I have a process generating sequences of observations $X_1, X_2, \dots, X_n$, where $n$ may vary between different sequences (not all sequences have the same length, but they will all be finite).
Let $\mathcal{X}$ denote the space of all possible observations.
Let $p(x)$ denote the probability that any randomly sampled observation from the distribution of all trajectories equals $x \in \mathcal{X}$.
We can assume that any element $x$ from the space $\mathcal{X}$ can only show up at a single unique "time step" within a sequence, so we do not need to worry about things like the same observation showing up multiple times in a single sequence.

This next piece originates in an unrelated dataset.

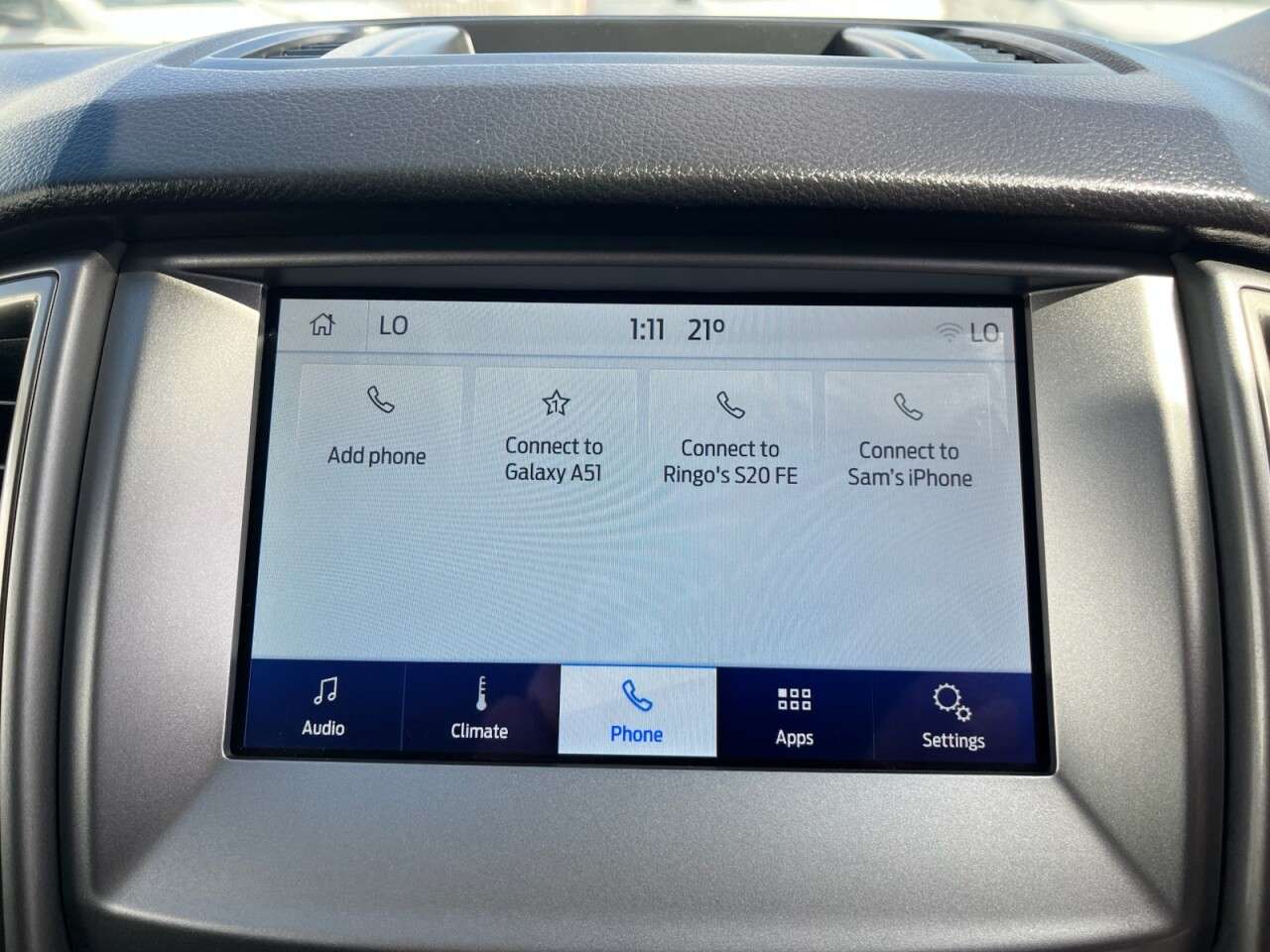 2022 FORD RANGER 2022 FORD RANGER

I want to build an estimator for the following quantity:
$$\sum_{x \in \mathcal{X}} \left( \frac{p(x)}{\mathbb{E} \left[ n \mid x \text{ was observed} \right]} \right) = \mathbb{E}_{x \sim p} \left[ \frac{1}{\mathbb{E} \left[ n \mid x \text{ was observed} \right]} \right]$$
So, basically I want an estimator for $1$ divided by the expected duration $n$ of a full sequence given that it contains at least a single particular observation $x$, and then the expectation of that again over all $x$ weighted by how likely they are to be observed.
To build an estimator for this, I have in mind to simply:
- Generate multiple sequences $X_1^{(i)}, X_2^{(i)}, \dots, X_n^{(i)}$, where the superscripts $(i)$ indicates that a sample was from the $i^{th}$ sequence.

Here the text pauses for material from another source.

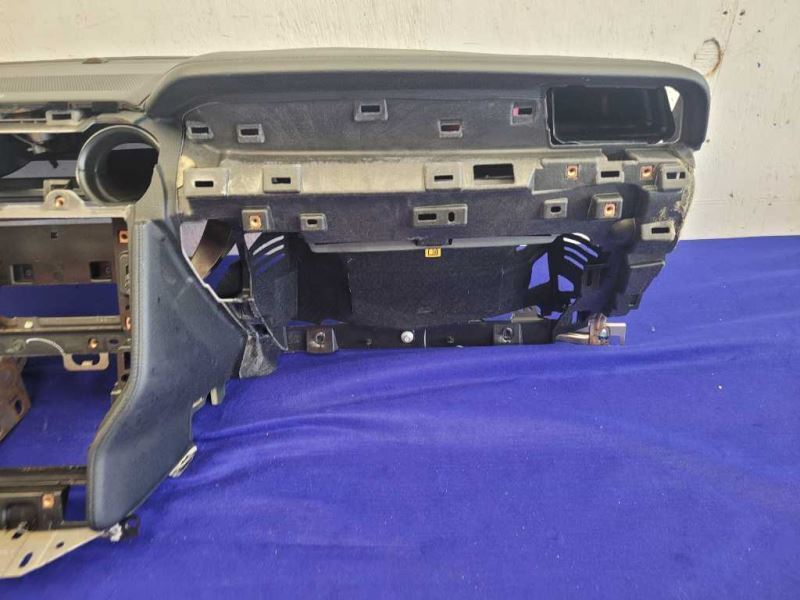 2018-2023 Ford Mustang GT S550 PP1 Dashboard Gauge Cutout Performance Pack 2214 - The Parts Farm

- Use $\frac{\sum_{i=1}^M n(i)}{\sum_{i=1}^M n(i)^2}$ as my estimator, where $M$ is the number of sequences generated, and $n(i)$ is the observed sequence length of the $i^{th}$ sequence.
The rationale behind this is that every sequence $i$ gives me $n(i)$ different samples $X_j^{(i)}$, which were all sampled according to $p$ (giving the expectation $\mathbb{E}_{x \sim p}$), and all give the same value $n(i)$ as an estimator for $\mathbb{E} \left[ n \mid x \text{ was observed} \right]$.
Now to my question: my intuition says that this estimator is not unbiased, because it uses many different datapoints from every individual sequence, and within a sequence the data is not independent. However, my intuition says that the estimator is consistent, because if we can sample infinitely many full sequences, we'll get the correct probabilities for observing individual samples as well as full sequences.
How can either or both of these properties be (hopefully easily?) shown to be (in)correct?